What you should do> In the material below, the lines from the one containing "Delock USB-kabel USB" through the one containing "Polo Masculina Slim" are to be given again exactly, ends included, and no others.

Dataset records>
####

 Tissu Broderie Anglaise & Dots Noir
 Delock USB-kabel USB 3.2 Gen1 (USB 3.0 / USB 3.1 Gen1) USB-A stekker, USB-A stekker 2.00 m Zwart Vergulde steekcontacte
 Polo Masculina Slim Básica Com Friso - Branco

####

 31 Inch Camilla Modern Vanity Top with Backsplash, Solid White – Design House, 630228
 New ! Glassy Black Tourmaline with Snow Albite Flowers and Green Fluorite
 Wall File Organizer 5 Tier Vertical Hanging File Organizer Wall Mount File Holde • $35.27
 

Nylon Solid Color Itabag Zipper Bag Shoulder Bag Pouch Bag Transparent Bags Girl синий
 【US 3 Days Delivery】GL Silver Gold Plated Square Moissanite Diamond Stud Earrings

####

Task answer>
 Delock USB-kabel USB 3.2 Gen1 (USB 3.0 / USB 3.1 Gen1) USB-A stekker, USB-A stekker 2.00 m Zwart Vergulde steekcontacte
 Polo Masculina Slim Básica Com Friso - Branco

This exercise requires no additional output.